= Joseph Anthelmi =

French ecclesiastical historian (1648– 1697)

Joseph Anthelmi (Antelmi; 25 July 1648 at Fréjus – 21 June 1697 at Fréjus) was a French ecclesiastical historian.

==Life==
Several of Anthelmi's ancestors had occupied canonries in Fréjus, the history and traditions of which they had investigated and preserved. Joseph, feeling himself called to the priesthood, betook himself to Lyon, where he entered on the study of theology under the François de la Chaise, a Jesuit priest.

On being ordained, Anthelmi returned to Provence, and was soon made canon of Fréjus Cathedral, though he preferred study. His uncles, Pierre and Nicolas, had published a work on the former incumbents of the See of Fréjus; Anthelmi resolved to devote himself especially to the history of the French Catholic Church, beginning with his own diocese.

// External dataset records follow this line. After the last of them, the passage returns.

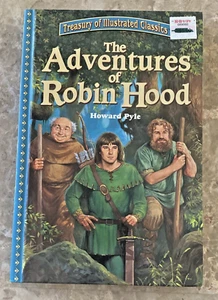 The Adventures of Robin Hood Book Treasury of Illustrated Classics - Picture 1 of 9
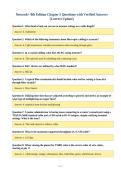 Network&plus; 8th Edition Chapter 5 Questions with Verified Answers&NewLine;&lpar;Correct Update&rpar;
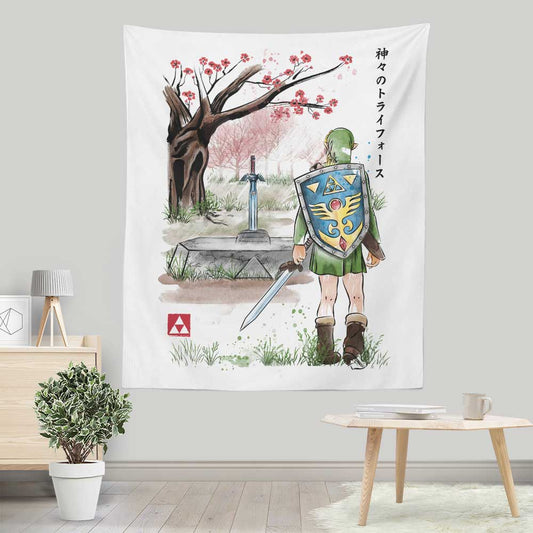 Link to the Watercolor - Wall Tapestry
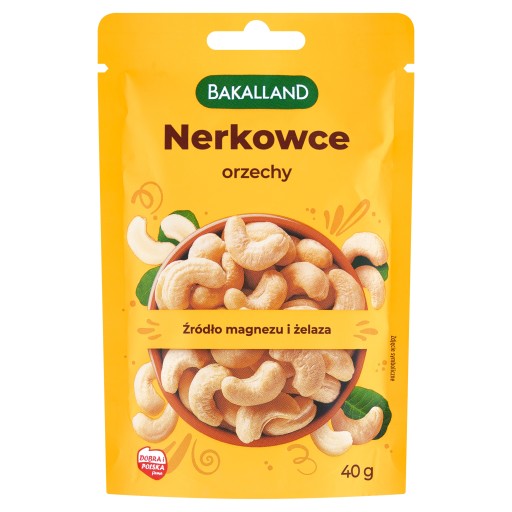 BAKALLAND KEŠU, CELÉ LÚPANÉ, NESOLENÉ 40G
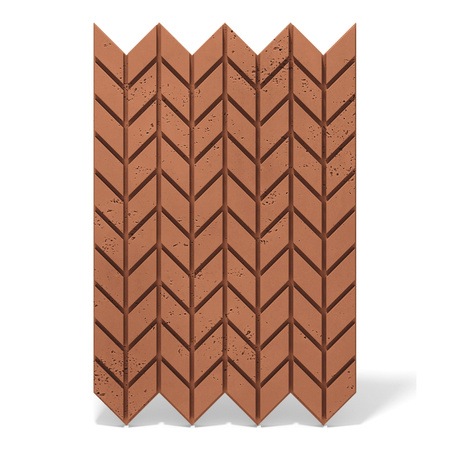 Płyta betonowa na ścianę 3D PB48 935x600x25, terakota CL01, beton architektoniczny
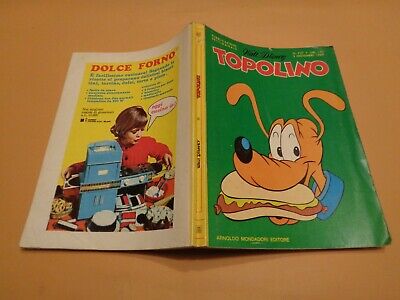 Topolino N° 727 Originale Mondadori Disney Ottimo 1969 Bollini+Cedola+Catalogo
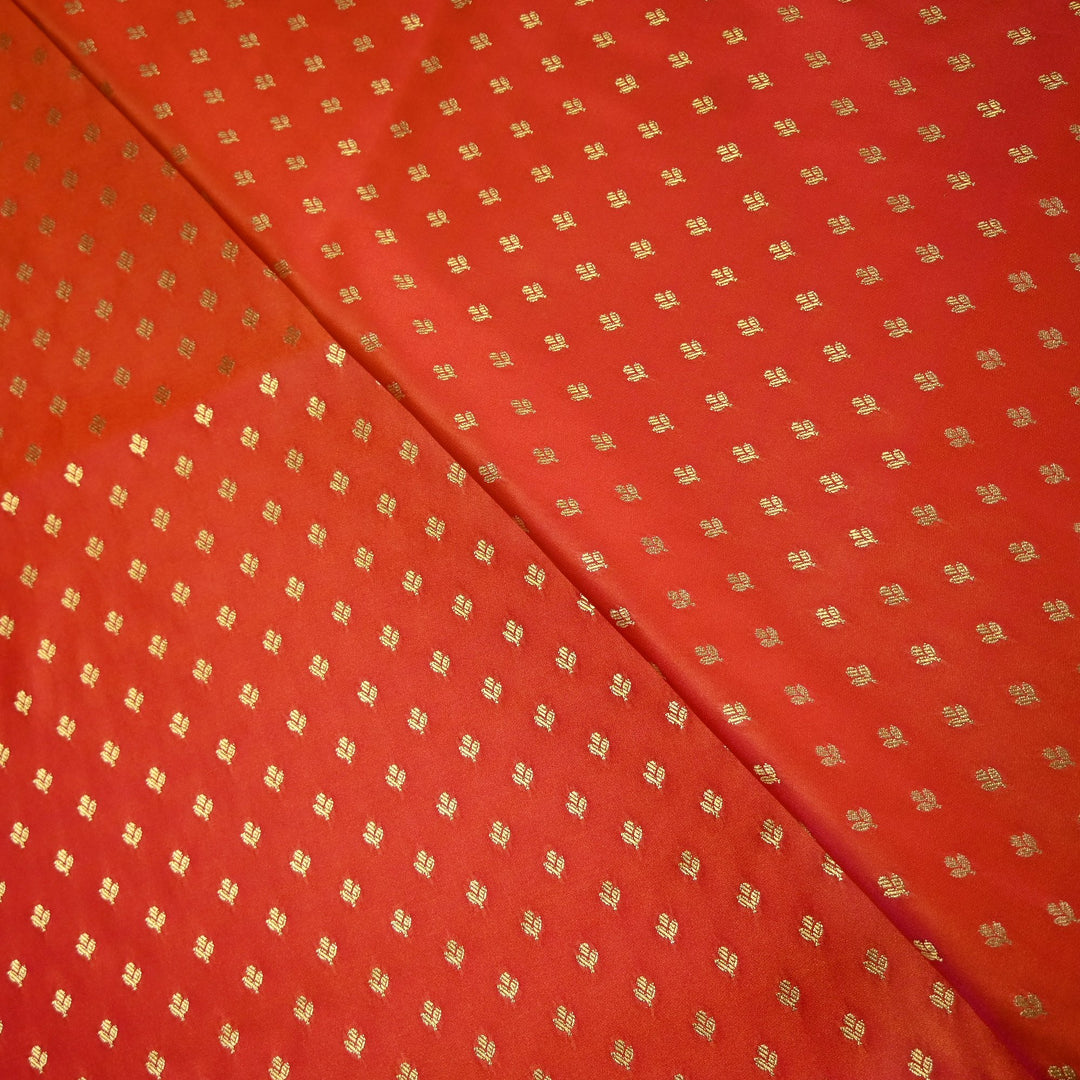 Satin Zari Buti Brocade Fabric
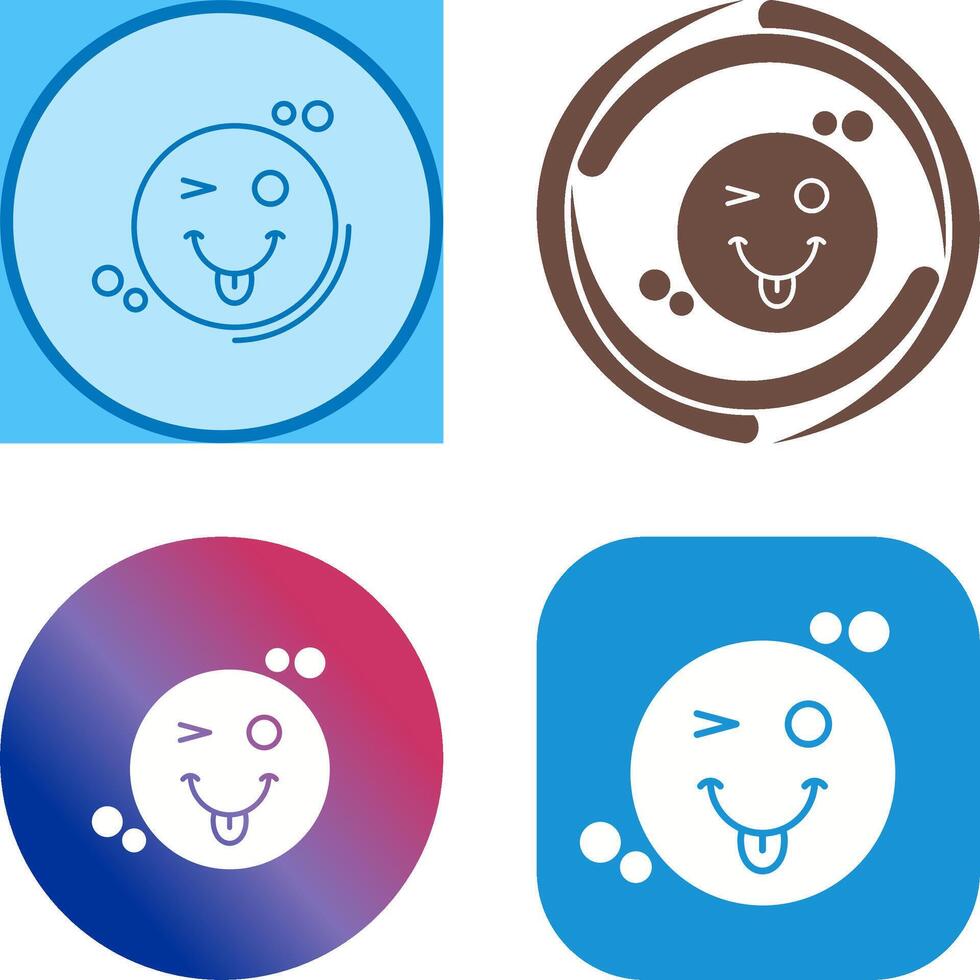 Tongue Out Icon Design vector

In 1694, Anthelmi was made vicar-general to the Bishop of Pamiers; but his health was bad, and he returned to his native city in a vain attempt to recuperate. Here he died in his forty-ninth year.

==Controversy==
Anthelmi's first work appeared in 1680, De inito ecclesiae Forojuliensis dissertatio chronologica, critica, profano-sacra. Pasquier Quesnel, was then at the height of his reputation, and was agitating France on the question of the real author of the De vocatione gentium, the Responsiones pro Augustino ad Capitula Gallorum and the Epistola ad Demetriadem (Patrologia Latina, LI, 647,158; LV, 162). In his opinion these had been written by Leo the Great. Against him Anthelmi supported the authorship of Prosper of Aquitaine. The contest was maintained by both parties, their letters being published in the Journal des Savants, in 1689.

Toward the close of the same year, Anthelmi vindicated his position by the publication at Paris of his work De veris operibus SS. Patrum Leonis et Prosperi. The opposition between Anthelmi and Quesnel burst out anew in regard to the authorship of the Athanasian Creed. Quesnel thought it the work of Vigilius, Bishop of Thapsus, in Africa, who towards the end of the fifth century was driven from his see by Huneric, King of the Vandals, and taking refuge in Constantinople wrote against the Arians, Eutychians, and Nestorians, attributing his own works to Augustine of Hippo and Athanasius of Alexandria. Anthelmi, on the contrary, inclined to the view of Pithou, père, (Note: Pierre Pithou (1496—1554) was a distinguished scholar and lawyer, the father of François Pithou, Jean Pithou, Nicolas Pithou and Pierre Pithou, fils.) who attributed it to Vincent of Lérins; and in 1693 he published his Nova de symbolo Athanasiano disquisitio. In this work Anthelmi sought to prove that the Creed cannot be the production of Athanasius, as it was composed not earlier than the fifth century; and that its author was a Gaul. Vincent was known to have had the intention of filling out at length a confession of faith in the mysteries of the Trinity and the Incarnation; this, taken in conjunction with the similarity of style and expression between the Athanasian Creed and the writings of Vincent, is the foundation of Anthelmi's argument.

==Family==
His brother Charles, Bishop of Grasse, collected and published several other historical papers, the most notable of which was a pamphlet, The Life and Death of St. Martin of Tours.